Note how, every time a new tweet is received, tweepy calls the on_data()-function, which prints the tweeted text to the screen. This is just a simple example to get started. In Session 1 we will look at many other ways to access the Twitter API V2 through tweepy.

Task 2: Change the code to save the tweets to a file (for example as JSON or CSV). Create a subfolder for tweet files to keep your info319-exercise2 folder tidy.

Task 3: Change the code so you download and save additional information about each tweet, for example the handle (user name) of the tweeter, whether it is a retweet of another id, and perhaps the date and time.

Task 4: Refactor the code to prepare for cleaner termination by creating a new on_finish()-function, which disconnects the streaming client, closes open files, and performs any other needed termination tasks. Remove time.sleep(DURATION), and instead make the on_data()-function call on_finish() when a given number of tweets (say 100 to start) has been received.

Streaming tweets to a socket

Task 5: Change the code to write the stream of tweets to a network socket instead. Think of a socket as an internal internet connection from your machine back to itself. Different programs on your computer can use this socket to communicate using the regular internet APIs.

Here are some critical pieces of code you need to include in your program (loosely based on this example):

import socket

HOST = 'localhost'
PORT = 65000  # for example
NUM_TWEETS = 100

tweet_count = 0

To open a socket for output):

socket = socket.socket(socket.AF_INET, socket.SOCK_STREAM)
socket.bind((HOST, PORT))
socket.listen()
connection, address = socket.accept()

Hence, on the output side the program is a server that sends tweets through the socket while, on the input side, it is a client that receives data from Twitter.

To send data through the socket:

def on_data(json_data):
    json_obj = json.loads(json_data.decode())
    json_str = json.dumps(json_obj['data']['text'])+'\r\n'
    connection.sendall(json_str.encode())
    if tweet_count >= NUM_TWEETS:
        ...close the socket etc...

To close the socket on termination:

socket.close()

For testing, you can use the nc utility to receive data from the socket. From another console window (inside or outside VS Code, a virtual environment is not needed):

$ apt install nc
$ nc localhost 65000  # you must start the tweet stream before you run this command

IMPORTANT: When you debug, the socket will often remain open after your program has crashed, or if you have not closed the Jupyter notebook.
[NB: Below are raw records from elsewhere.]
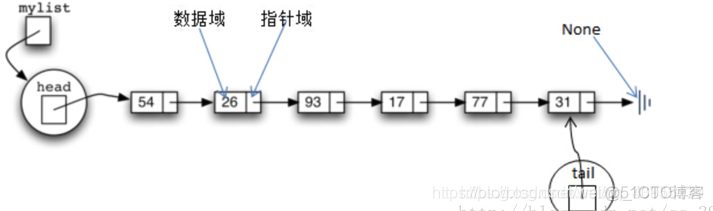 Python Linked list_链表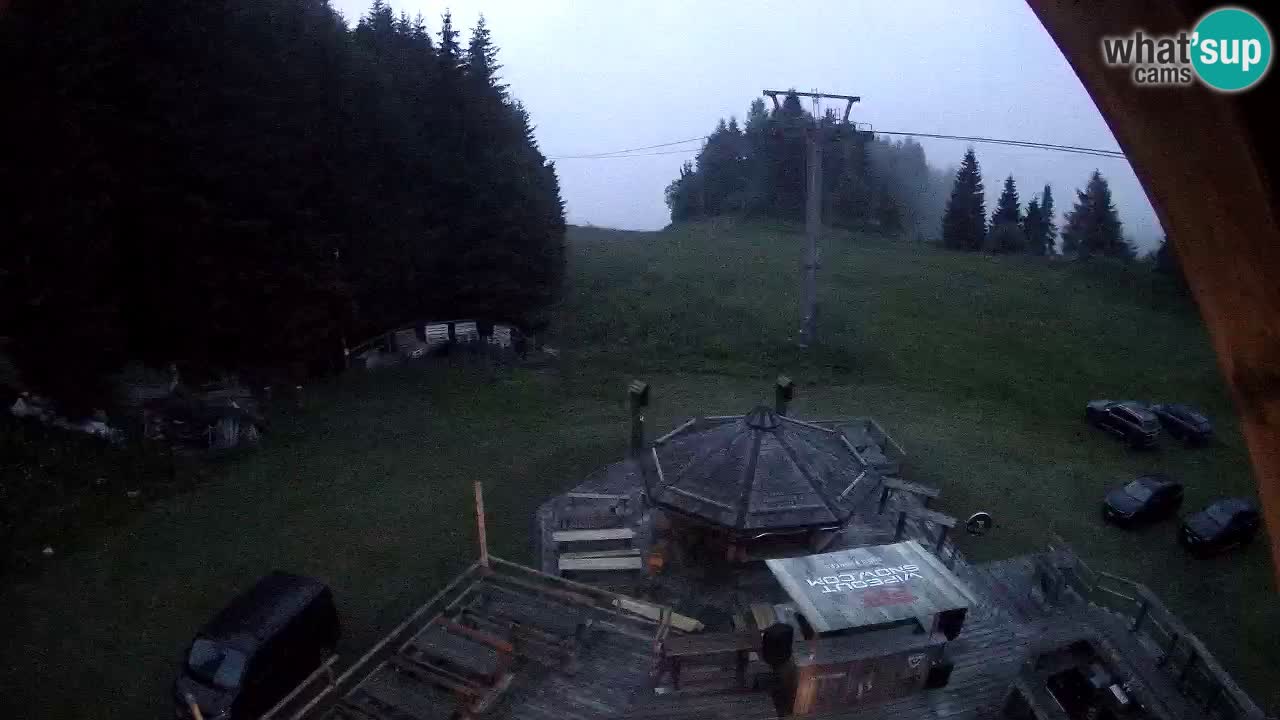 Skijalište Zoncolan – Goles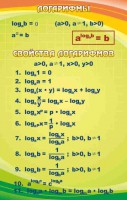 Стенд "Логарифмы" - fgospostavki.ru - Балахна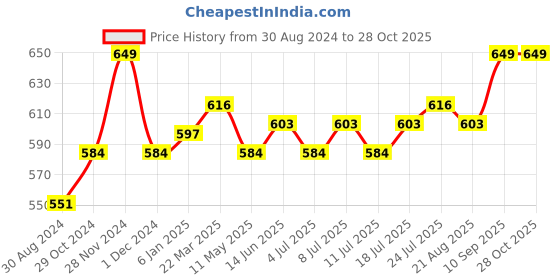 myntra.com UNLIMITED Women Solid Mandarin Collar Top unlimited Price History Graph from 30 Aug 2024 to 27 Oct 2025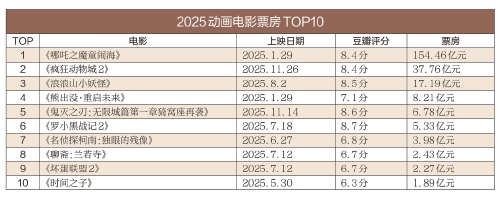 全年动画电影票房突破250亿元大关 动画电影何以撑起中国电影市场？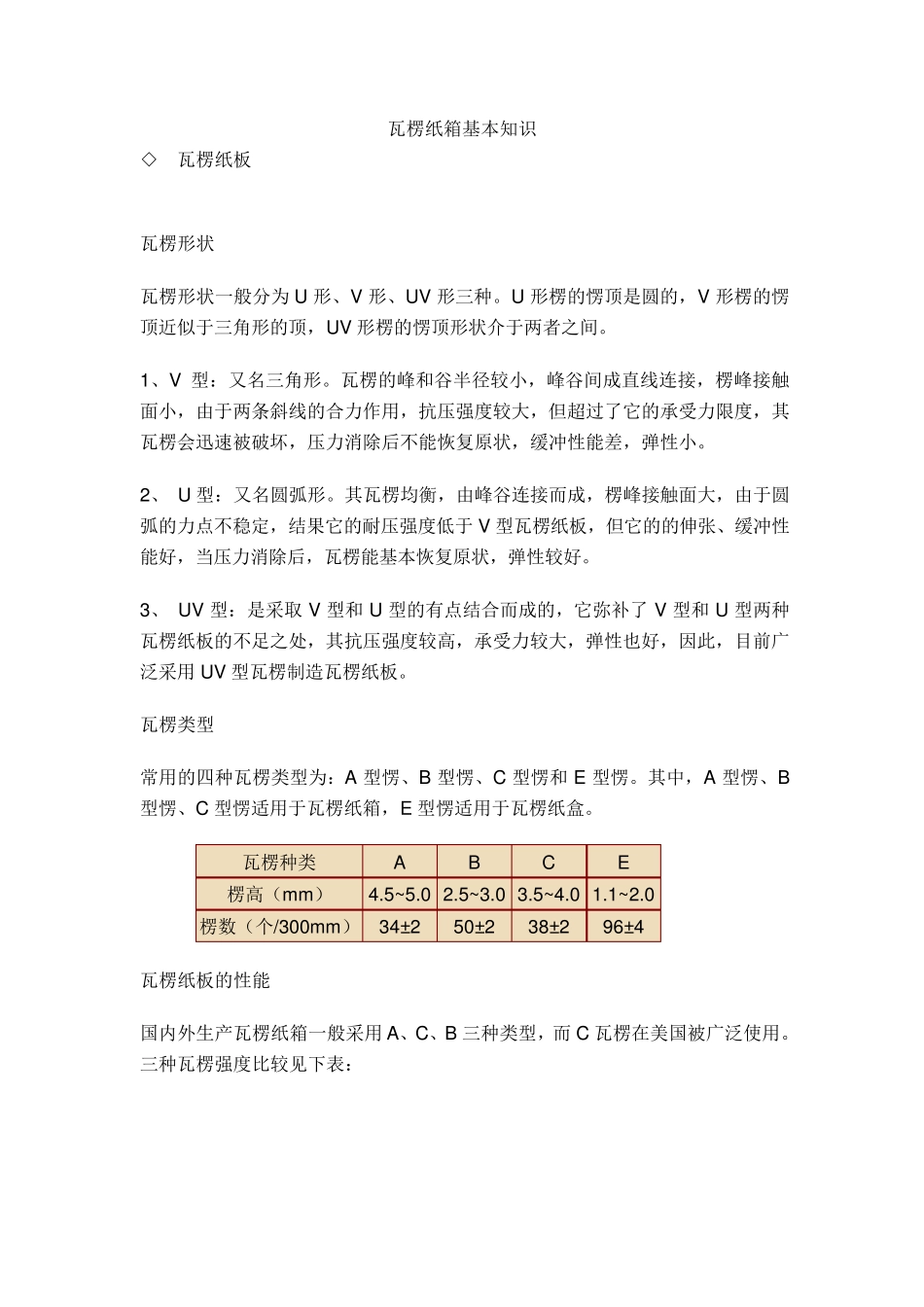 瓦楞纸箱基本知识新手入门培训大全_第1页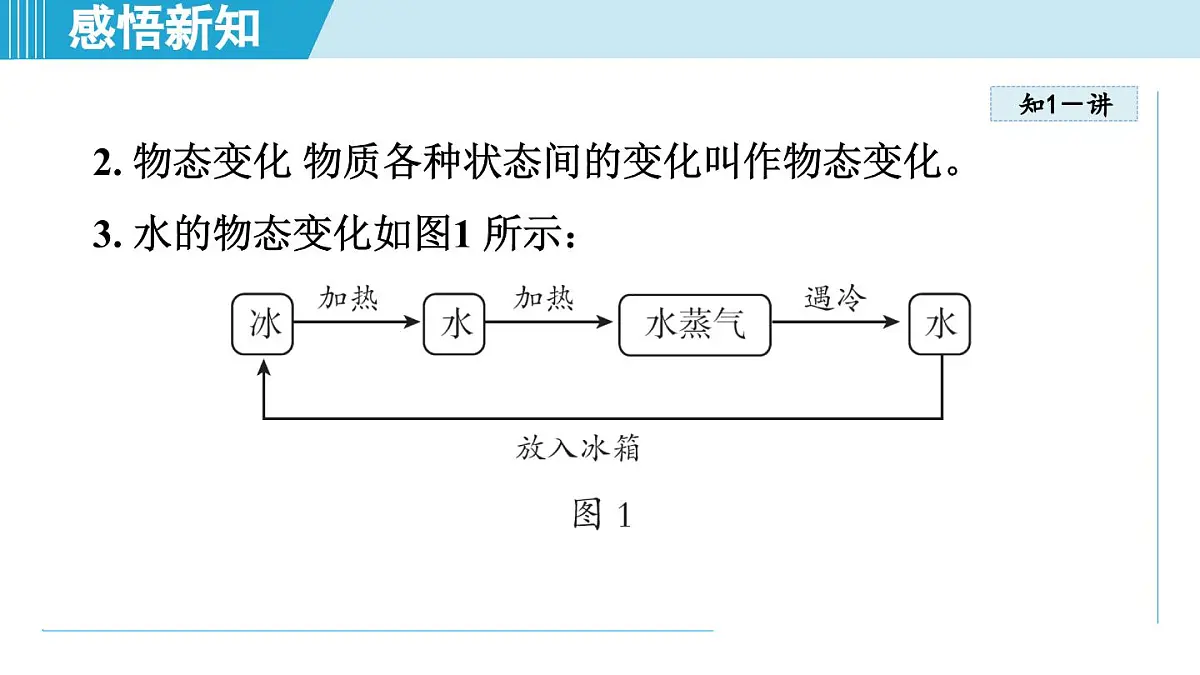 教科版八年级物理上册 5.1物态变化与温度（第5章 物态变化 学习、上课课件）第5页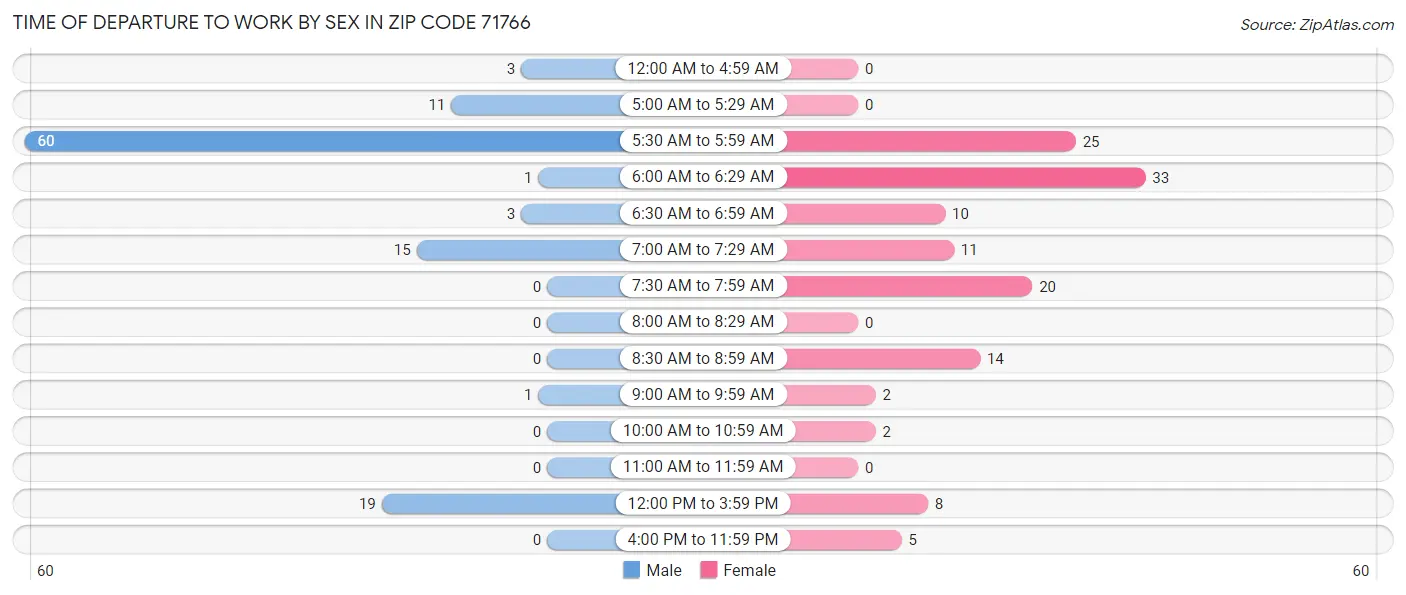 Time of Departure to Work by Sex in Zip Code 71766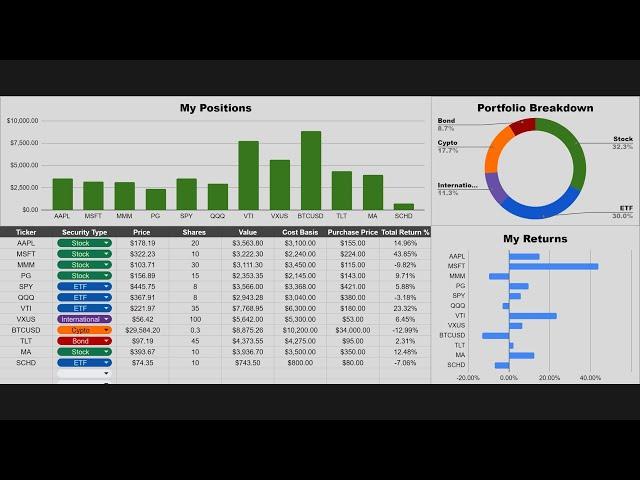 Simple Portfolio Tracker In Google Sheets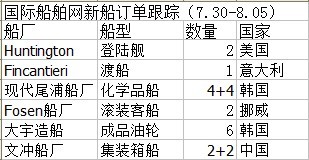 新船訂單跟蹤分析（7.30-8.05）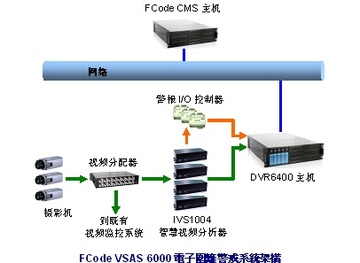 FCOD VSAS 6000影像訊號檢測系統 (VSAS : Video Signal Analysis System)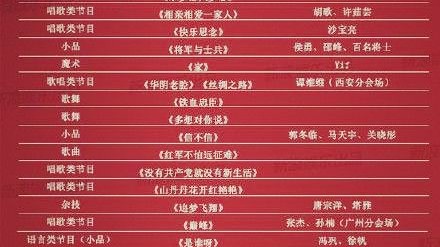 我需要查询CCTV5今天的节目表（5月23日），但您提到的是29日。让我先确认日期并搜索相关信息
So you may have to change PORT number often in the StreamingClient and the test code line (65001, 65002, ...).

Receive tweets from a socket with streaming Spark

Streaming Spark is the topic of Session 3, but you can run the following script spark_receiver.py to receive tweets from the socket as a Spark stream (loosely based on this example):

import os
import findspark
from pyspark.sql import SparkSession

HOST = 'localhost'
PORT = 65000  # for example

findspark.init()
spark = SparkSession.builder.appName('SparkTest').getOrCreate()
spark.sparkContext.setLogLevel('ERROR')

# incoming stream
incoming_df = spark.readStream \
                .format('socket') \
                .option('host', HOST) \
                .option('port', PORT) \
                .load()
# outgoing stream
outgoing_df = incoming_df.select('value').writeStream \
                .format('console') \
                .outputMode('update') \
                .start() \
                .awaitTermination()

Start tweet_harvester.py first and then spark_receiver.py in another window.

Instead of using import findspark; findspark.init() you can set the $SPARK_HOME environment variable, for example:

export SPARK_HOME=${PWD}/venv/lib/python3.8/site-packages/pyspark

Add this line to the end of your ~/.bashrc file if you want to make it permanent. It is safer than findspark when you have several Spark installations on the same machine.